Bandwidth is allocated in 2-Mbit/s chunks and therefore low-order VCAT can be used to provision sub-rate traffic across 10/100-Mbit/s Ethernet used in the access network.pppppppppppppppppppp
Virtual Concatenation Group
Several Virtual Tributaries, form part of a Virtual Concatenation Group (VCG). The pragmatic use of spawning Virtual Tributaries to transport data across a VCAT enabled network is the fact that in many cases, particularly when the underlying network is relatively congested, then splitting the traffic over several distinct paths allows us to provide lower cost solutions than if we had to find just one path that meets the required capacity. Chances are this splitting of paths will also allow us to find shorter paths to channel our traffic across.
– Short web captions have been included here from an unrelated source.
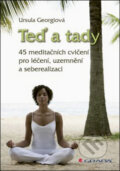 Kniha: Teď a tady (Ursula Georgiová). Grada Kniha: Teď a tady (Ursula Georgiová). Grada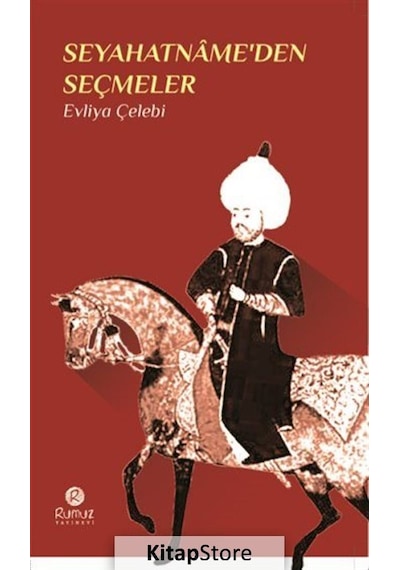 Seyahatname'den Seçmeler - Evliya Çelebi - Rumuz Yayınevi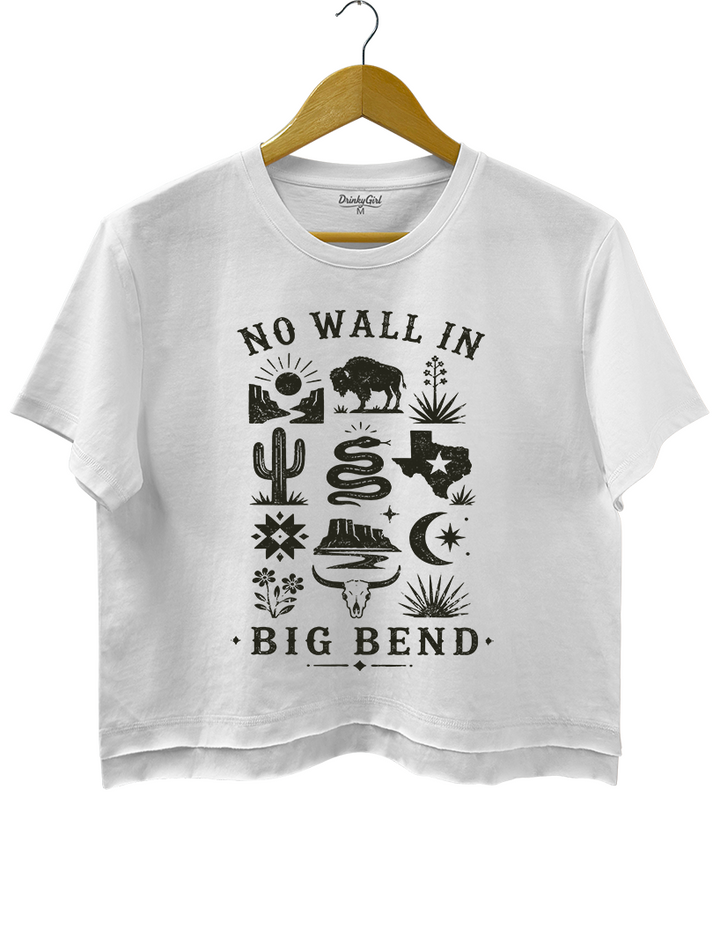 No Big Bend Wall Crop Top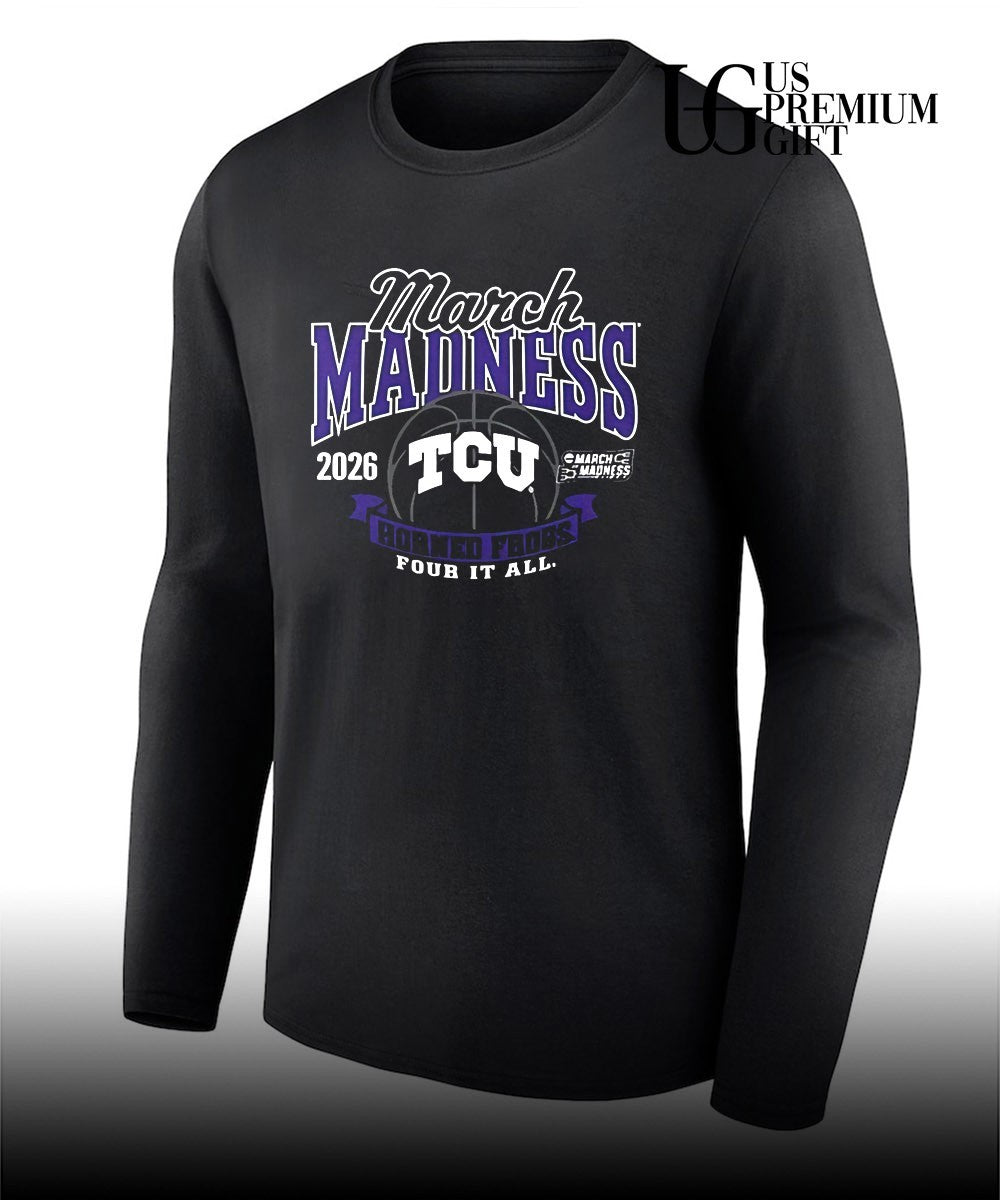 Horned Frogs Basketball March Madness Four It All 2026 shirt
The Virtual Concatenation protocol performs its content delivery through a process called byte-interleaving. For example, given that we wish to provision a Gigabit Ethernet (n, 1Gb/s) service then we would provision it across (7) STS-nc VT’s, where each of the VCG members carry a bandwidth equivalent of V = n/k [bits/second], where in this case n = 1Gb and k = 7. What typically happens is that the data is interleaved such that the first byte is put onto VT1, the second byte is put onto VT2, and so on until the seventh byte is put onto VT7. The process repeats beginning with the eighth byte which is sent out on VT1.
Differential delay
Effectively, this helps a lot with being able to provide services at a lower cost and much faster than contiguous concatenation, it however is intrinsically bound to the problem of differential delay where each path that is created, represented by a VT has a different propagational delay across the network and the difference in these delays is what is known as differential delay (D). The major problem with differential delay is the fact that we require high speed buffers at the receiving node to store incoming information while all paths converge. This buffer space, (B) can be equated to the bandwidth delay product such that B = n * D. So for each Virtually Concatenated connection we would require B bits of buffer space. This need for buffer space eventually increases the network cost, so it is very important to select paths that minimize the differential delay, which is directly proportional to the buffer space required.
Several heuristics based algorithms exist, that attempt to minimize the differential delay to provide a solution. This is not a simple problem to tackle and is referred to mathematically as an NP-complete problem set, for which there exists no known algorithm that finds the optimum solution and terminates in a polynomial time constraint.